I’m sitting in the Arts Café, typing busily on an obnoxiously large laptop – in other words, I’m feeling rather metropolitan today.
When you’re in public, a laptop and an open Word document can entirely change your demeanour. Instead of lost and awkward, I feel purposeful.
The Bank of Ireland representatives floating around campus don’t see me and think: “oh, she’s an impressionable fresher – I should shower her with leaflets and promises of free stuff”, they think “she’s either a writer, a postgrad or a journalist – I’m staying as far away as possible.
Humans are funny creatures. We’re like worker ants and bees – we constantly need some sort of job, a purpose to reassure ourselves with. If you disrupt our paths or give us too many choices at once we mill around hopelessly, seeking external direction.
I think that’s why so many of us freshers are confused and impatient to start lectures. We need that structure and motivation in our lives.
Socialising and partying have always been the activities that fill the cracks in our schedule, not the central focus of our days. It leaves you feeling rather listless. According to my roommates, it also leaves you feeling obliged to get drunk every night. I’m praying that their livers make it to the end of the week.
I’m staying in Trinity Hall, so regardless of whether I’ve been partying or not I haven’t been getting much sleep. There’s a person in the flat directly above me who is not a very good singer or dancer – but insists on singing and dancing well into the wee hours of the morning.
I’m not going to say anything. I’ll get used to the noise eventually, the way you get used to the ticking of a clock in a room. In the meantime it makes for good bedtime entertainment, and I’m curious to see whether their skills will improve as the year goes on.

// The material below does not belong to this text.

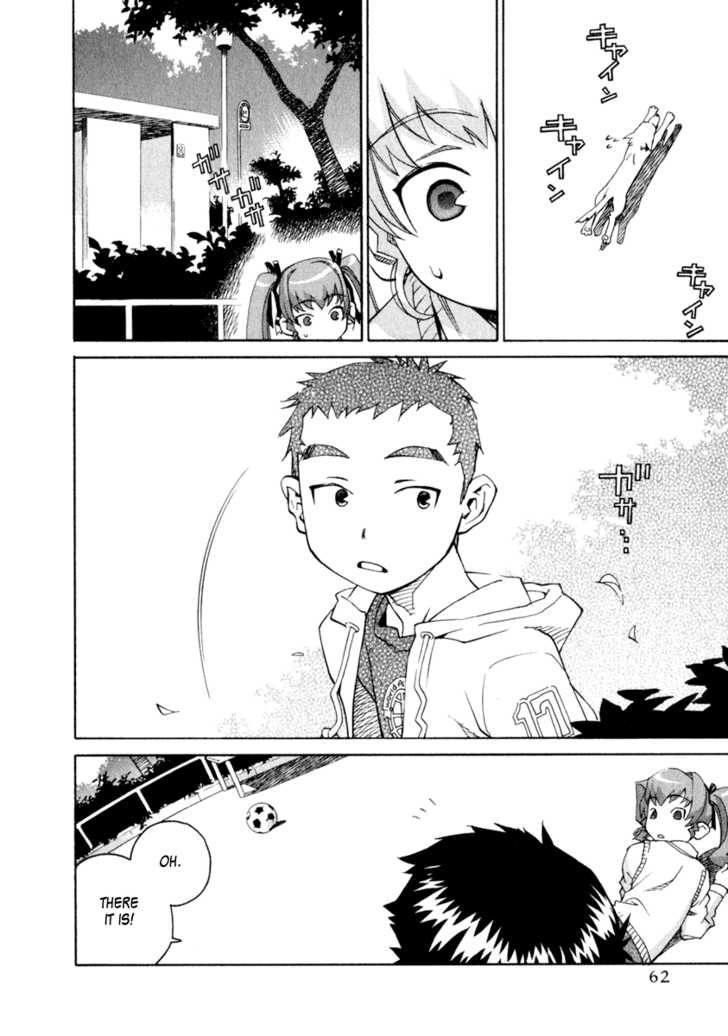 Chokotto Sister Chapter 26 page 15 - Chapter 26 : 026-027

Maybe I should slip a DU Dance leaflet under their door.
Other than that, my experience in Hall so far can be summarised as such: I can’t find my keycard. I break into a sweat and ransack my room looking for my keycard. After about an hour of searching I find my keycard tucked in a ‘safe place’ that I had forgotten about.
I breathe a sigh of relief. I put my keycard into a new ‘safe place’. I promptly forget where that ‘safe place’ is. The cycle repeats. On a less flippant note, Freshers’ Week has been getting a little easier and a little less overwhelming as each day passes.
I’m slipping into comfortable daily rituals, I’m becoming less awkward and stilted in conversation and I, as an unashamed nerd, am incredibly excited to start my studies here. I want to dive into familiar waters: I want to learn new things, read books and develop my thoughts.
There’s plenty of time for socialising in between all that.